Sure, we live in an age of ever-expanding media alternatives and pretty much every member of a household has their own TV set or they watch everything online.

However, ethnographic research--the kind where you actually watch what people do--shows that no matter how many sets and computers in the home, members of the household (defined as people living under the same roof) still gather in front of the same set for at least an hour, at least four days a week.

No, it doesn't look like this, but it still happens.
Anything people have been doing for 35,000 years isn’t going to stop tomorrow. That means the household will choose a “consensus” show, one that everyone in the group can watch together.

Reality shows don’t just dominate TV because they are cheap to make. People have to want to watch, but it's even better if they feel compelled to watch. And the thing that our brains are hard-wired to pay close attention to is the emotional behavior of other people.

That's why the people who watch these shows say they are addictive. 

2. People don’t watch TV, they listen to TV.
Why do you think they invented the instant sports replay? Because a lot of people miss the actual play! They were doing other things – eating, drinking, socializing, working. They heard the roar of the crowd, but they caught the action on the replay.

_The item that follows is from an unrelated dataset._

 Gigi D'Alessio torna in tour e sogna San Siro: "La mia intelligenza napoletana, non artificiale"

We watch movies; we listen to TV. All the longest-running TV shows share one thing in common – the scripts read like radio plays. Once you are familiar with the characters, you don’t have to watch to understand what is going on. Most people literally don’t even see the beautiful art direction and expensive CG effects that win advertising industry awards.

3. The only people who “see” ads are people already interested in what the product does.
Forget about edgy ads and CGI for “cutting through the clutter.” Your brain does that automatically. It’s called selective attention. It’s the same mechanism that grabs your focus whenever you hear your name across a crowded room at a party.
Your unconscious brain is always scanning, and it knows what you need long before you are consciously aware of it. This is why people start noticing car advertising about a year before they even begin actively thinking about buying a new car.

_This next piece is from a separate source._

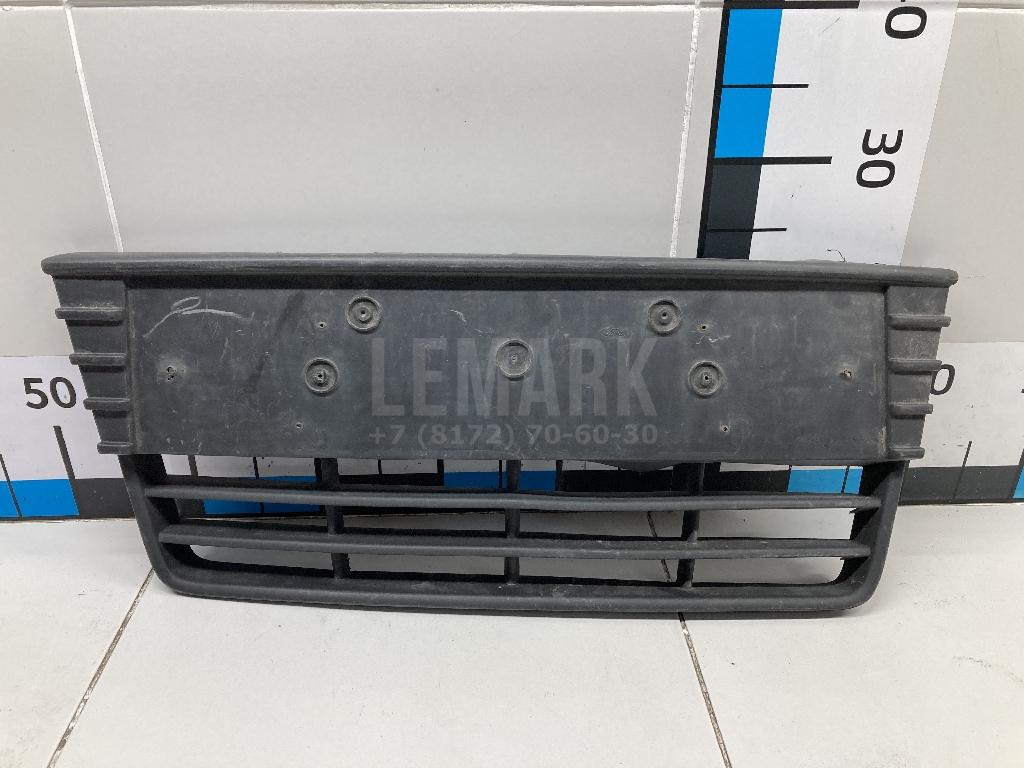 Решетка в бампер центральная BM5117K945AC Ford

If they’re in the market—even if they are unaware of it—they’ll notice your ad. If they’re not, you can’t convince them, because they won’t even connect with your ad.

4. Women are not in the room to watch the Super Bowl.
Yes, major TV sports events do show a spike in women viewers. Yes, some women actually like football. But most women aren’t in the room for the game.

This is because women are the relationship monitors for the group. For them, the game they are interested is not football, it’s the family dynamic. If there is a large social gathering, they’ll be there, watching the interaction between the family members, checking that everything is OK.

In the meantime they are multitasking, serving food, folding laundry, reading, and a hundred other things. You don’t need to create special sport-themed ads for women’s products. Selective attention works for women too. If they need it, they will see it. 

5. Humor is cheating.
People notice humorous ads, talk about them, post them on YouTube, and can turn the punch line into a national meme. The only thing they don’t do is remember the product the ad is supposed to be selling.

The only way that happens is when the punch line is the name of the product – the GEICO Gecko, Aflac--that’s about it. Using humor to “cut through the clutter” without tying it directly to the product is an easy sell - if the client laughs (has an emotional response)  they'll think it is a good ad. But the client already knows the name of the product. Trouble is, while humor is entertaining, it doesn’t sell products.

So What?

If you work for an agency, factor these into your thinking and you’ll sell products, which will make your clients happy. Ignore them and you’ll win industry awards which will make you happy – until the client fires you.

If you are an agency client, watch out for humor in your advertising. Does it directly link to your brand name in a memorable way? If not, the ad is aimed at you, not your customers.

If you don’t work in advertising, have a Martini anyway. Don would approve.